Exploring a data lake

In Cloudera Data Warehouse, you explore sample airline database tables in your data lake from a Virtual Warehouse. You learn how to load the airline data. You view and query the tables.

  • You obtained permissions to access a running environment for creating a Database Catalog and Virtual Warehouse.
  • You obtained the DWAdmin role to perform Data Warehouse tasks.
  • You logged into the CDP web interface.
  • You activated the environment from Cloudera Data Warehouse.
  • You set up a Hadoop SQL policy in Ranger to access data in the data lake.
For more information about meeting prerequisites, see Getting started in CDW.

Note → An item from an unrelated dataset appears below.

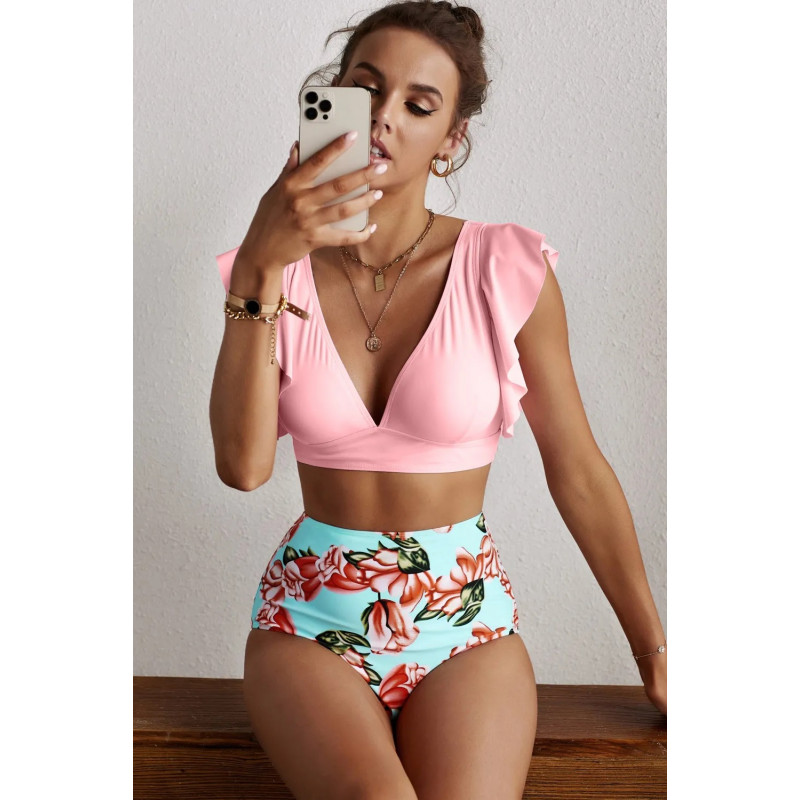 Rosa rosamönstrade volangfärgade v-bikinis – kuva 3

In this task, you set up a minimal Virtual Warehouse for learning how to explore a data lake. You do not need to configure auto-scaling and optional features to explore a data lake. Plan to delete the Virtual Warehouse after your exploration.
  1. Navigate to Data Warehouse > Database Catalogs > New Database Catalog.

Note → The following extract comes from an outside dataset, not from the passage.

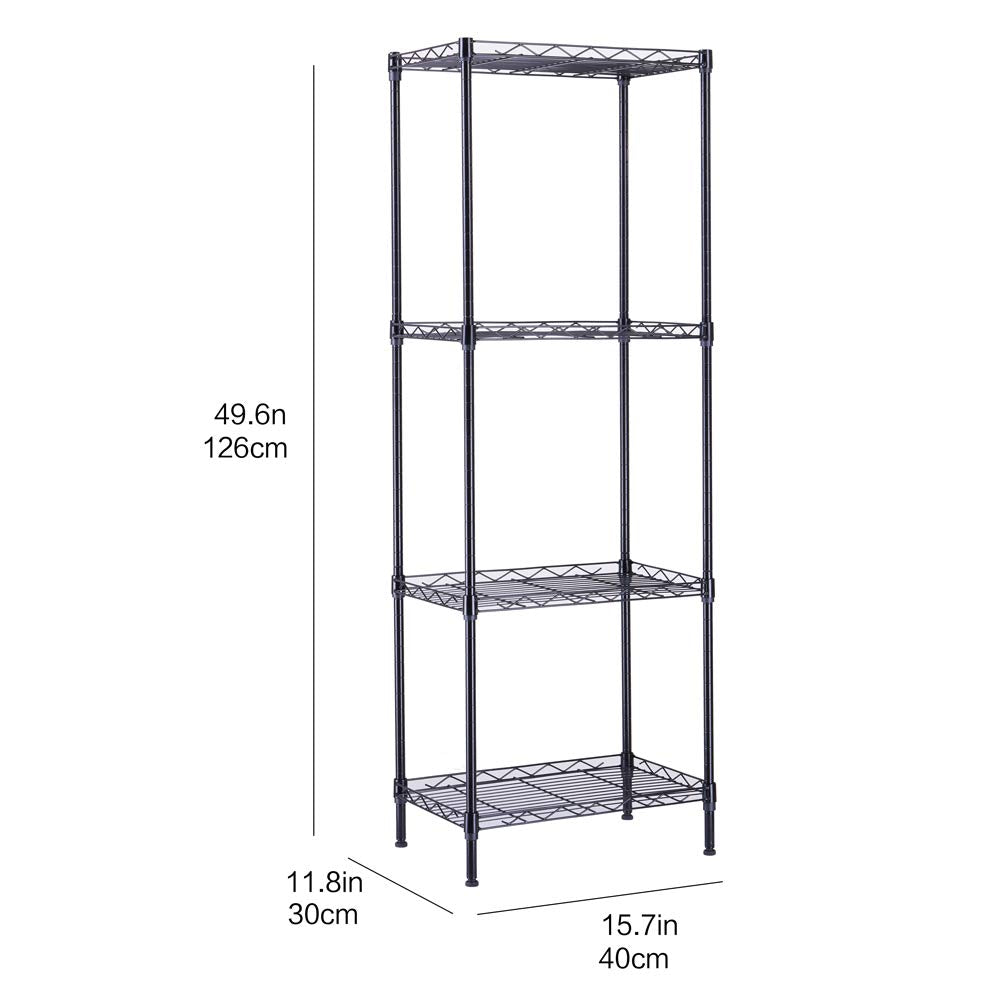 Shyneer 4-Tier Wire Shelving Unit Metal Storage Rack,4-Shelf Shelving Unit, Steel Wire Shelves, Shelving Units and Storage for Kitchen and Garage (17.72 x 11.81 x 49.6'') Black Shyneer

  2. In New Database Catalog, in Name, specify a Database Catalog name.
  3. In Environments, select the name of your environment activated from Cloudera Data Warehouse.
  4. Accept default values for the image version and data lake type (SDX).
  5. Turn on Load Demo Data to explore sample airline data from Hue, and click Create.
  6. Click Virtual Warehouses > New Virtual Warehouse.
  7. Set up the Virtual Warehouse:
    • Specify a Name for the Virtual Warehouse.
    • In Type, click the SQL engine you prefer: Hive or Impala.
    • Select your Database Catalog and User Group if you have been assigned a user group.
    • In Size, select the number of executors, for example xsmall-2Executors.
    • Accept default values for other settings.
  8. Click Create.
  9. After your Virtual Warehouse starts running, click Hue, and expand Tables to explore available data.
  10. Explore data lake contents by running queries.
    For example, select all data from the airlines table.